Comparision with prior model (benchang1110/TaiVisionLM-base-v1)

  • Example 1 smile
  • TaiVisionLM-base-v1:
    卡通插圖描繪掛在家門口的標誌,上下方以卡通插圖的方式呈現。
  • TaiVisionLM-base-v2:
    這張圖描繪了一個單詞「SMILE」經典的卡通字體。該字表面是黑白的主要色彩調色板。詞以貫穿其身體的光滑線條字體書寫。該字具有模糊的質感,與單詞形成平滑而簡約的視覺效果。
    字母「「SMILE」」自豪地表示。顯眼的文字是圖片的焦點,吸引觀眾的注意力到其具有簡潔性的方式。該字在白色背景上顯眼地展示,與黑色字體形成鮮明對比。
    圖片中沒有其他物品或文字。字和底部的文字並沒有提供有關詞「「SMILE」具體含義的任何其他背景信息。然而,詞「「SMILE」」的整體設計使其成為這張影像中的焦點,吸引了注意力到其獨特形狀。圖片中沒有其他物品或文字。
  • Example 2 paris
  • TaiVisionLM-base-v1:
    這是一幅攝影作品,展示了巴黎的鐵塔被水景所環繞
  • TaiVisionLM-base-v2: 這張照片捕捉了巴黎,法國標誌性的塔樓和人行道景觀的令人驚嘆的景象。塔樓高聳在清澈的藍天沿著舊有大路的背景之上。它是一座高聳入雲的圓頂金屬圖案,高度被分數精確錯量。塔樓由金屬和石頭結構組成,其統一的形狀證明了其歷史意義。
    塔樓東面延伸的人行道向遠處延伸,邀請路人探索它所有的美麗。這條人行道上排列著樹木,它們翠綠的葉片與藍天形成鮮明的對比。它們的存在為場景增添了一抹綠意,為都市景觀增添了一抹自然元素。
    背景中可以看到巴黎城市景觀。各種大小和設計的建築物可以看到,它們矗立在背景中,它們的建築藝術被塔樓和人行道的視野所突顯。天空是一個清澈的藍色,它延伸到遠方,沒有任何雲彩的陰影。

這張照片是巴黎豐富歷史和現代性的一個見證。塔樓和人行道標誌著這座經典都市的地標,高聳主權人偶的高度及其證據這座城市獨特的信仰。橫跨整張照片的人行道禮貌地介紹了城市的繁忙路線。

Training Procedure

Since we don't have enough resources to train the model on the whole dataset, we only use 250k image-text pairs for training.

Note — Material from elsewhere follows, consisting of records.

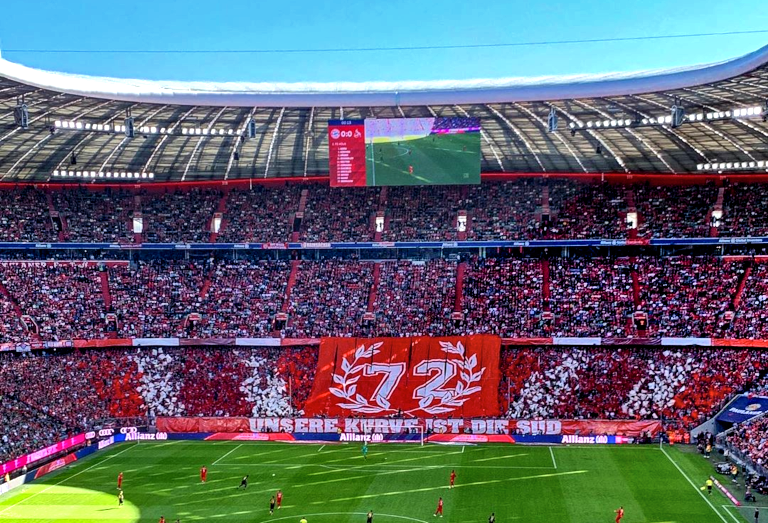You are currently viewing 1. Liga: Zuschauerzahlen und Auswärtsfahrer des 5. Spieltag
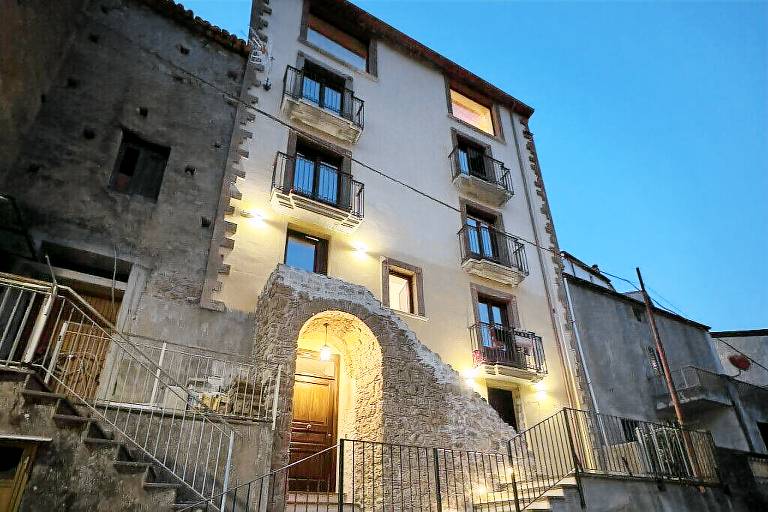 Bed & Breakfast Sangineto Lido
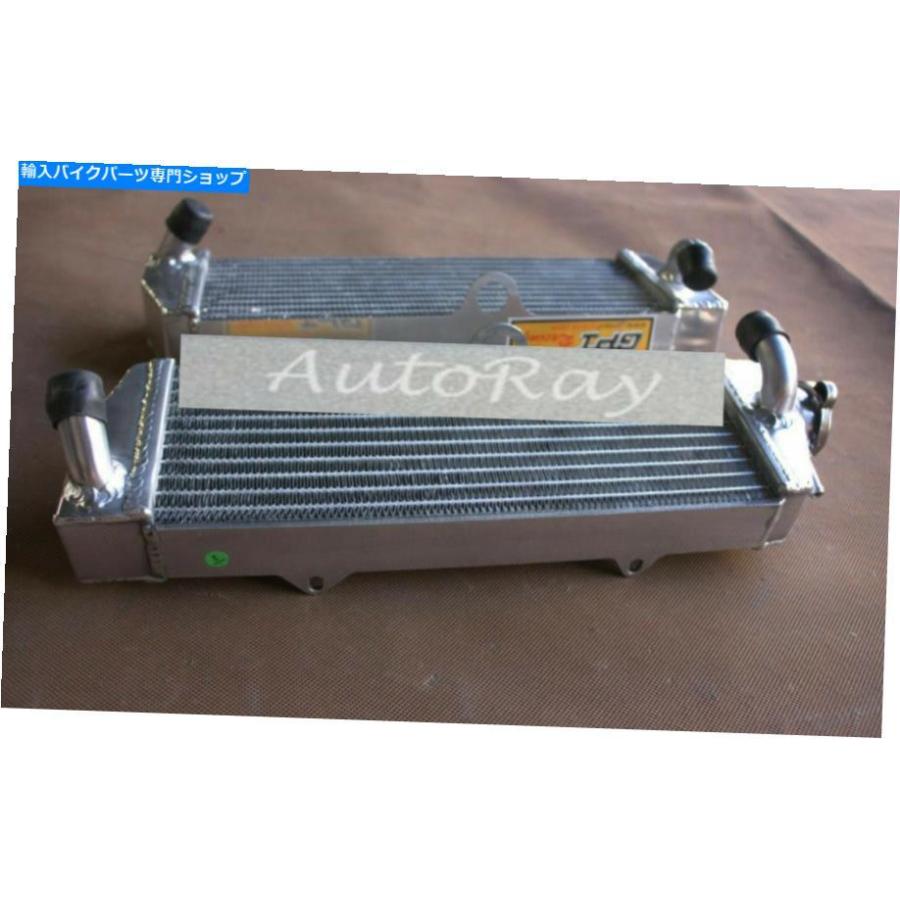 radiators Husqvarna Te610 93-00 / TE570 01-03 / TE410 95-01のためのフルアルミニウムラジエーター Full Aluminum Radiator For HUSQVARNA TE610 9の画像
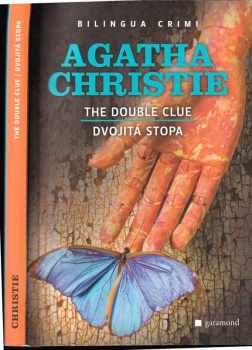 Agatha Christie: The double clue : Dvojitá stopa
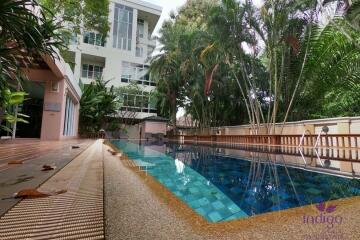 Investment opportunity! Well maintained and spacious studio apartment at Baan Suan Greenery Hill, Chang Phueak,Chiang Mai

The following training hyperparameters are used in feature alignment and task specific training stages respectively:

  • Feature Alignment
Data size Global Batch Size Learning Rate Epochs Max Length Weight Decay
250k 2 5e-5 1 2048 1e-5

We use full-parameter finetuning for the projector and apply LoRA to the language model.

We will update the training procedure once we have more resources to train the model on the whole dataset. metric

Compute Infrastructure

  • Feature Alignment 1xV100(32GB), took approximately 12 GPU hours.